FFT hardware written in BSV (and also C++).

NOTE: This codebase uses MIT's lab2 harness from 6.375 for BSV and IITM's FFT from EE5332 for CPP as it's base.

This codebase contains FFT hardware models written in Bluespec System Verilog (and also C++). You may build verilog by using the Bluespec compiler (linked below). There is also a C++ version which can be used for high-level synthesis.

Prerequisites

Text Editor
Bluespec Compiler - https://github.com/B-Lang-org/bsc/releases/tag/2024.01

Steps to build verilog from BSV:

make verilog

Steps to build verilog from C++:

cd cpp ; vivado_hls -f script.tcl

These commands will work on a GNU/Linux based machine only. Maybe on a mac if oyu're lucky. If you need help with using this code elsewhere, or something doesn't work at your end, too bad. You may replicate the synthesis results by tracing the steps back from my commitlog on this github repo.

FFT Architectures

This codebase implements five architectures for the Pease FFT.

Fully Combinational (mkCombinationalFFT)
Pipelined to a depth of 4 (mkPipelinedFFT)
Folded by pipeline stages (mkFoldedFFT)
Folded by both pipeline stages and available butterflies (mkSuperFoldedFFT).
Folded further to use a single butterfly (mkUltraFoldedFFT).

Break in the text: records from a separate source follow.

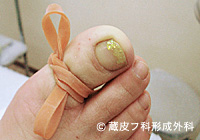 わきが手術方法 1：剪除法＋超音波破壊吸引法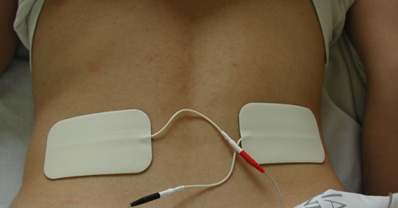 Colocación electrodos TENS para dolor de rodilla  Electroestimulación TENS  para terapia de dolor 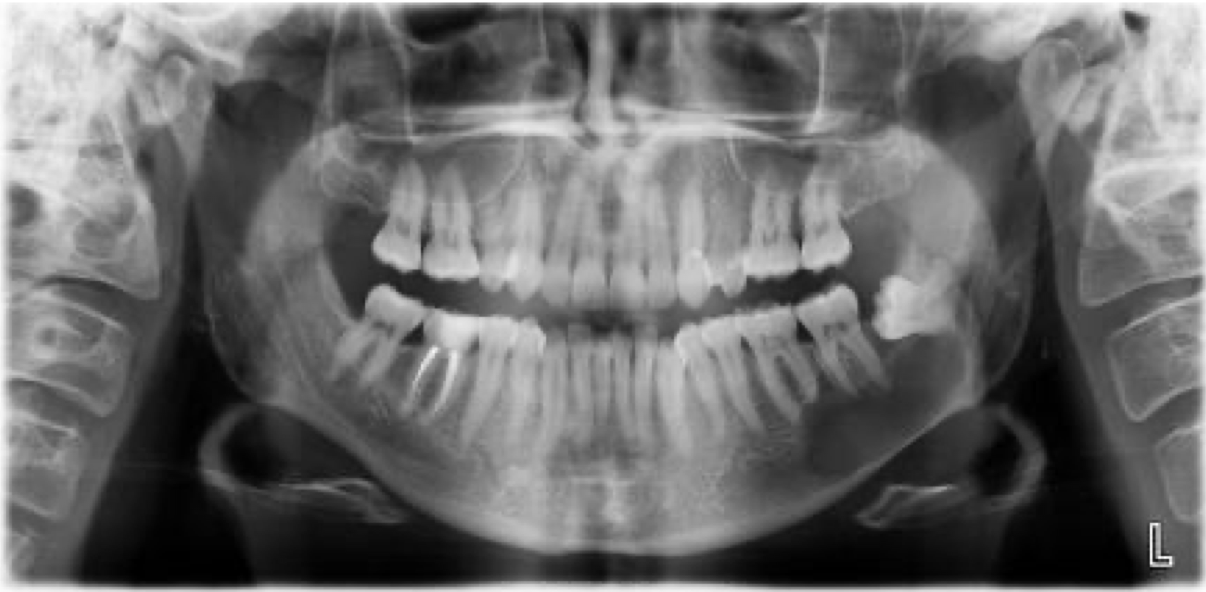 <p>A 19 year old patient present with mild swelling of lower jaw. Intra orally a small swelling was visible over left third molar region. A radiograph taken. Provide Differential diagnosis</p>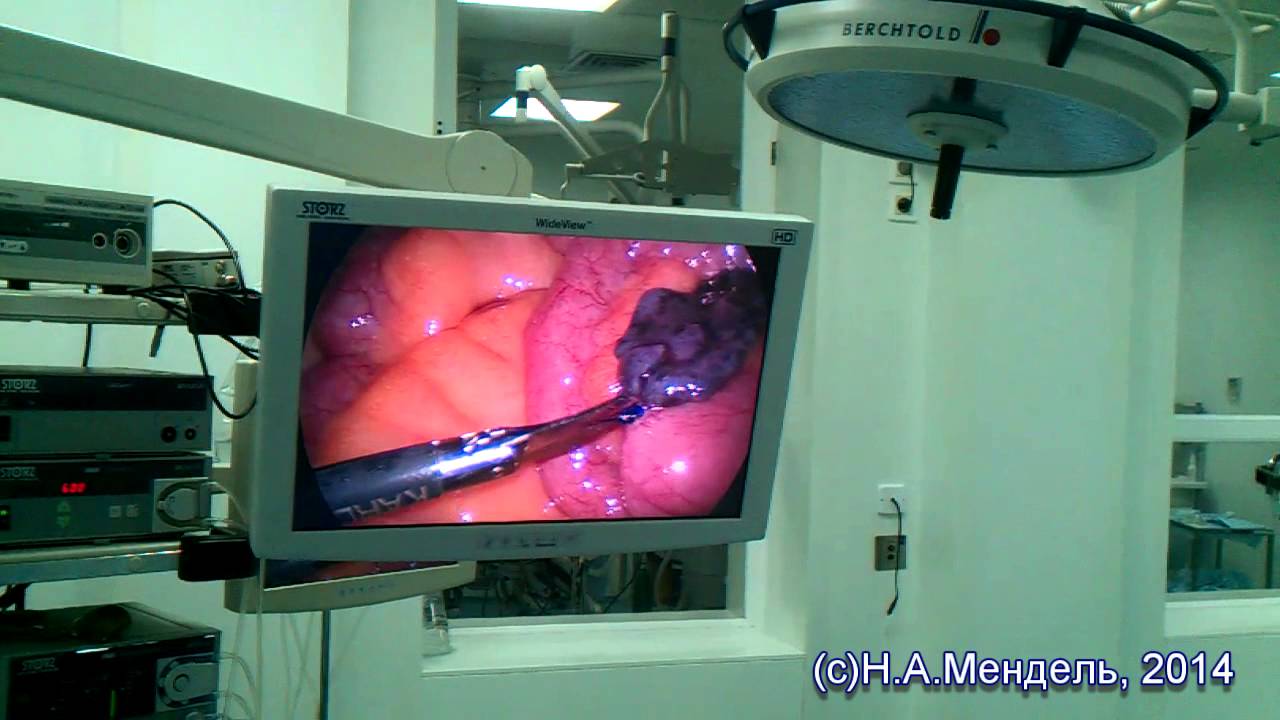 Венозная гемангиома тонкой кишки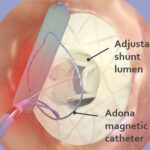 An illustration showing Adona Medical's electromagnetic catheter for adjusting the size of its heart shunt device by heating shape memory nitinol.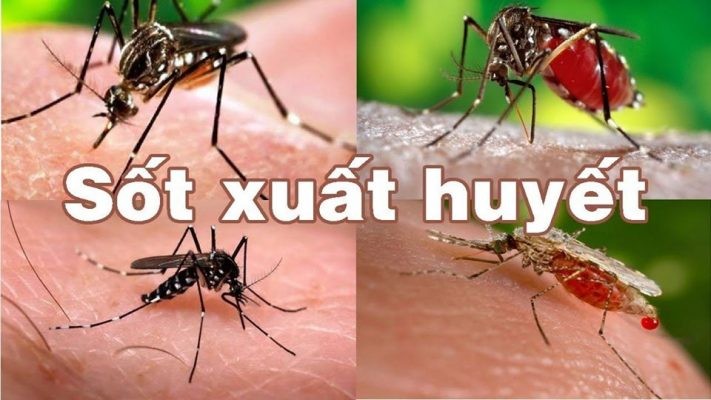 Tình trạng sốt xuất huyết, tay chân miệng đang diễn ra phức tạp.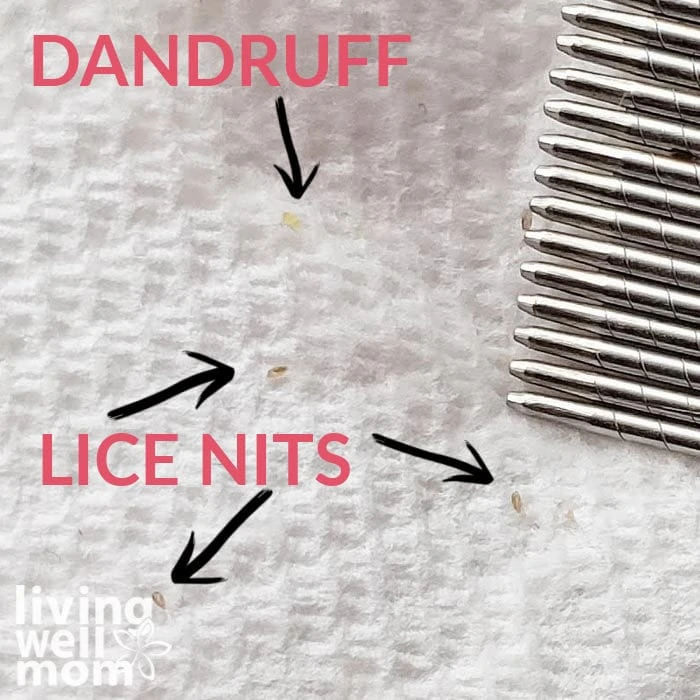 Visual showing how to tell the difference between dandruff and lice nits by using a paper towel.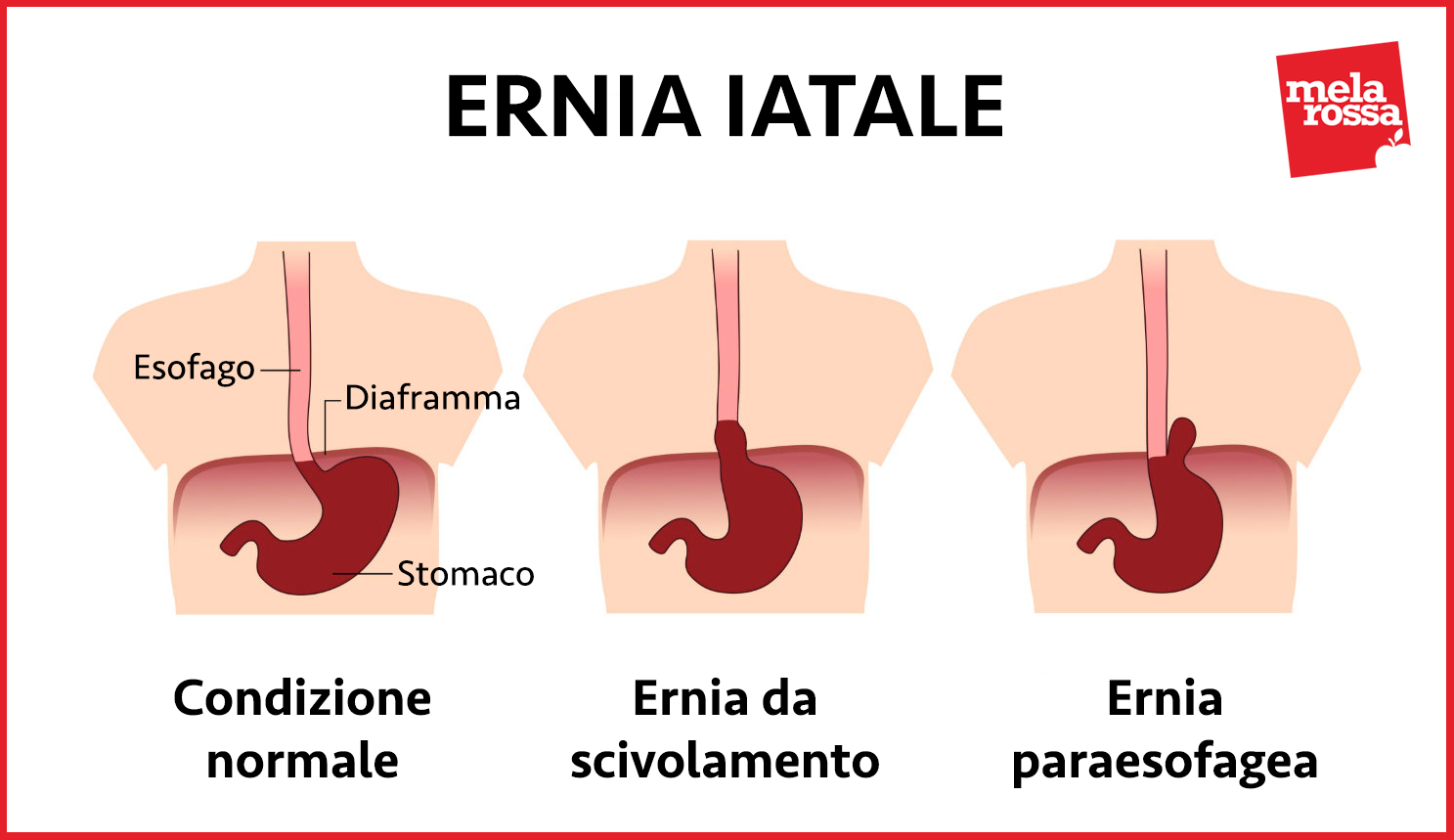 diaframma e malattie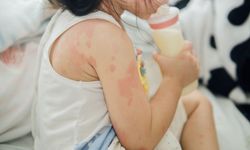 Bebeklerde ve Çocuklarda Alerji Hakkında Yanlış Bilinenler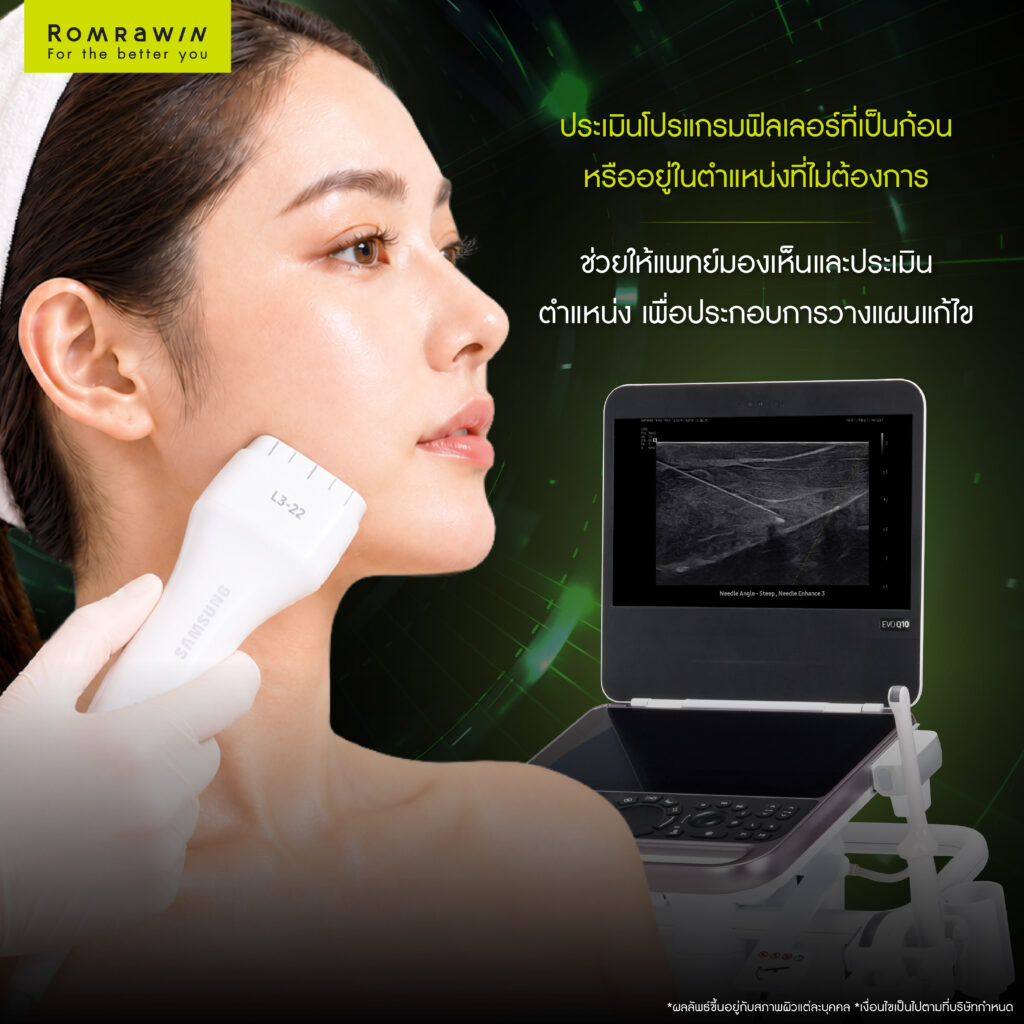 Samsung EVO Q10 ตัวช่วยวางแผนการรักษาในคลินิกเสริมความงาม 6 ช่วยประเมินฟิลเลอร์ที่เป็นก้อนหรืออยู่ในตำแหน่งที่ไม่ต้องการ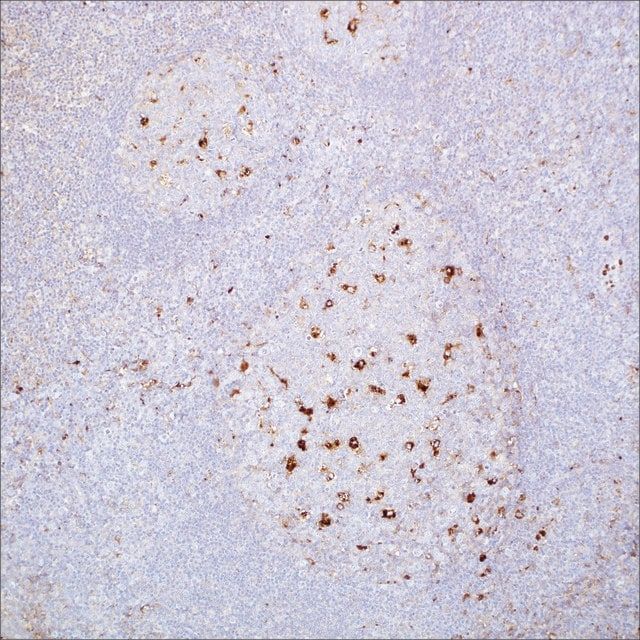 A-1-Antitrypsin Rabbit Polyclonal Antibody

The last one mentioned above is under construction as of this commit. However, all architectures have been pretty well described in the figure below.

arch description as a block diagram.

The hardware described pictorially to the left of the orange coloured arrow, is the fully combinational block (1). In order to pipeline this, I inserted flops as ISBs in betweent he columns of blue butterfly boxes (2). Now, the latency would be 4 cycles. I folded the architecture as per the arrows shown in the diagram, in order to isolate the actual compute into a single stage. Essentially, the latency will now remain the same which is 4 cycles, but the throughput will be four times lower as a result of this folding(3). The circuit should now look like what is on the right side of the orange arrow. In order to fold further, I am trying to use only two butterfly instances overall, as per the arrows shown to the right of the orange arrow (4). The throughput will now reduce by 50%, essentially making it 8 cycles. Now, we can further fold this two-butterfly implementation to use a single butterfly, further dropping the throughput by 50%, making it 16 cycles(5).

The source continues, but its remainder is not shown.